The legacy Sphinx pipeline (Sphinx-docs/ + create_docs.sh) is retired. Reference docs are now generated from the same YAML endpoint metadata that drives the wrappers, via the codegen CLI:

  • Generate: python tools/codegen/generate.py --docs rewrites the per-league reference subtree under docs/docs/<sport>/ (full-clobbers each league dir + the shared docs/docs/reference/ dir; conceptual pages outside them survive). The no-arg python tools/codegen/generate.py also regenerates docs alongside the wrappers/loaders/parsed modules.

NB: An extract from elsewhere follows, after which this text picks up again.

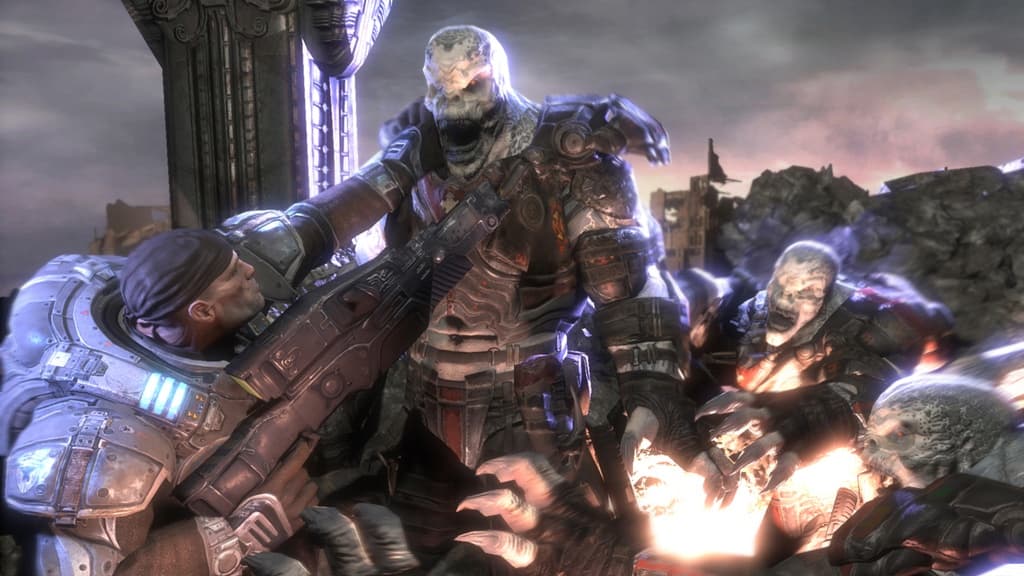 اسکرین‌شات بازی Gears of War – تصویر 2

  • Templates: tools/codegen/templates/_reference_block.jinja (the 8-section per-function block) + reference_page/league_index/loaders_page/ parameter_reference/category_json templates. @return tables come from tools/codegen/schemas/*.yaml (ESPN) and schemas/loader_schemas.yaml (loaders).
  • Native (flat) API families: non-ESPN live APIs are generated from tools/codegen/endpoints/<stem>.yaml and registered in FLAT_APIS + _FLAT_API_DOC (generate.py): NHL api-web/edge/stats-rest/records, MLB Stats, and NFL.com (nfl_apiapi.nfl.com). Each emits a sportsdataverse/<league>/<stem>.py module (per-endpoint parser: → a parser module) and its own reference grouping on the league index. Authenticated families — NFL.com needs a WEB_DESKTOP bearer token — set auth: true + getter_module: (a module exposing _get) in the YAML, so the generated wrappers gain a reusable headers= arg and import an auth-aware _get (e.g. nfl/nfl_api_runtime.py) instead of the shared no-auth _codegen_runtime._get. Hand-written cached loaders (NFL is not in _GENERATED_LOADER_LEAGUES) can still get a "Dataset loaders" docs grouping by listing them in releases.yaml (docs-metadata only; the module is left untouched).
  • Drift gate: python tools/codegen/generate.py --check fails on stale generated docs (orphan-checked only within the generated league/reference/ dirs). Same gate runs in CI + the sdv-codegen pre-commit hook. Offline tests live in tests/codegen/test_docs.py + test_doc_parity.py.
  • Docusaurus: docs/sidebars.ts drives each league as a clickable category (link → generated index) expanding to an autogenerated reference subtree, so new endpoints surface with no sidebar edit. Verify with cd docs && yarn build (broken-link warnings are confined to the frozen 0.0.50 version + CHANGELOG doctoc fragments).
  • Deploy & versioning: the site builds on Vercel (auto-deploy on push to main; no in-repo deploy workflow — a GitHub Pages action would double-publish). The unversioned docs/docs/ tree is the live DEFAULT at the root URL (lastVersion: 'current', labelled main), so the published docs always track the code. At each release, freeze a per-release archive: cd docs && yarn version:docs <x.y.z> (snapshots docs/docs/versioned_docs/version-<x.y.z>/), then commit. current/main stays the default — only add a snapshot, never bump lastVersion away from current — so the live docs never go stale and each release still gets a frozen record. The legacy pre-codegen docs remain archived at /docs/0.0.50/.
  • The --docs output is markdown the prose linters skip (docs/docs/** is excluded from doctoc + markdownlint), so generated tables/fences don't fight the hooks. Docstrings still use Google-style sections (Args:/Returns:/Raises:/ Example:) — those feed the wrappers' runtime help, not a Sphinx build.